Theresa Bartinger : Oui, en effet, à Cerisy, je n'ai pas eu l'impression d'avoir été coupée du reste du monde. Et cela ajoute encore au caractère paradoxal de Cerisy, car il faut rappeler que le CCIC se trouve dans un village d'à peine un millier d'habitants. D'ailleurs, des proches se sont inquiétées de savoir si je ne craignais pas de me retrouver seule, enfermée dans un château, tributaire des autres pour me déplacer — je n'ai pas de voiture. En fait, je n'ai pas eu ce sentiment.
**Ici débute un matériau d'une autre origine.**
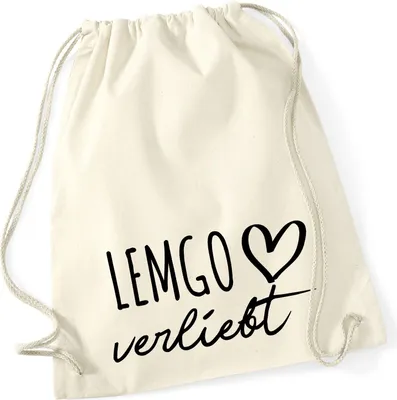 Produktbild von Huuraa Turnbeutel Lemgo verliebt 12 Liter Natural Baumwolle Rucksack Geschenkidee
C'est même tout le contraire ! Et je crois que ça tient à la magie de Cerisy : les colloques s'enchaînent avec, à chaque fois, des groupes de personnes différentes, qui arrivent avec leur vécu, leurs questionnements, leur regard sur l'actualité, le monde. Bref, ici, nous sommes dans un changement perpétuel, dans un lieu qui, lui, reste le même. Ce qui est plutôt rassurant.

Repartez-vous avec le sentiment d'être transformée ?
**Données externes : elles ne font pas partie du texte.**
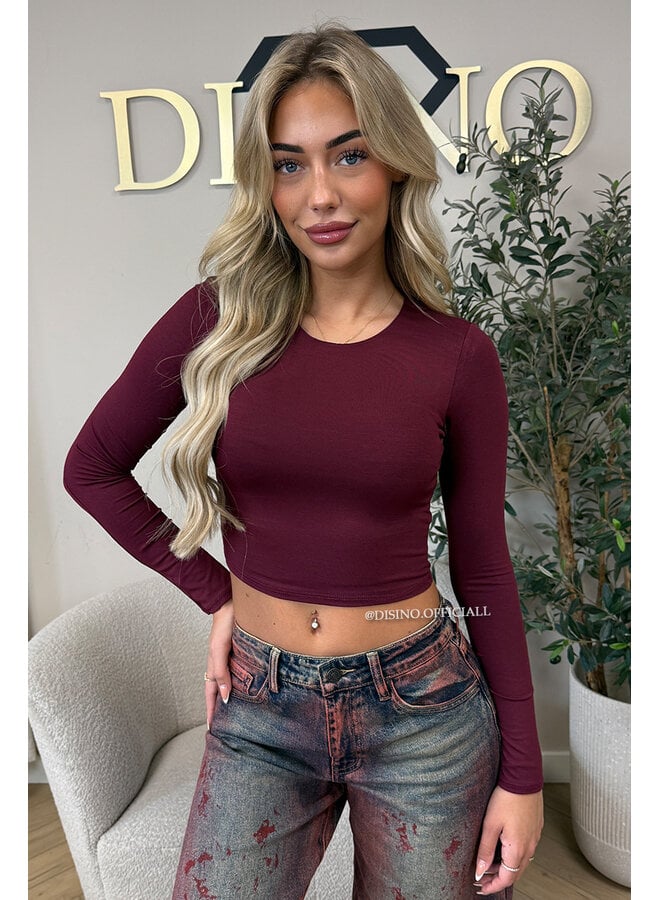 CHERRY - 'BECKY' - PERFECT LONG SLEEVE CROP TOP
Theresa Bartinger : Transformée ? Non, je ne dirai pas cela. Je n'ai pas le sentiment d'être devenue une autre personne ! En revanche, je pense avoir évolué dans ma manière d'aborder les gens, de faire connaissance avec eux en commençant déjà par apprendre à retenir leurs noms et prénoms ! Mais aussi en cherchant à établir un lien. Mieux à en découvrir un, direct ou indirect — comme avec cet étudiant suisse.

Y-a-t-il un équivalent au CCIC en Autriche ?

Theresa Bartinger : Des colloquants m'ont posé la question. La réponse est non, autant que je sache. J'ignore donc si je pourrai revivre cette expérience dans mon propre pays. Mais j'en garde l'espoir.

C'est un lieu où on peut faire l'expérience unique, dans la durée d'un colloque de plusieurs jours, de se confronter à l'altérité au travers de ces colloquants qui viennent des quatre coins de France et même de l'étranger, de différentes disciplines ou professions, de différentes générations et qui pratiquent des langues différentes, qu'elles soient maternelles, professionnelles, disciplinaires… On apprend en conséquence à y avoir des "égards ajustés" (selon la formule du philosophe Baptiste Morizot). Ces propos font-il sens pour vous ?

Theresa Bartinger : Oui, je suis tout à fait d'accord et sensible à cette idée de prendre en considération toutes les langues : étrangères, mais aussi universitaires, professionnelles et autres.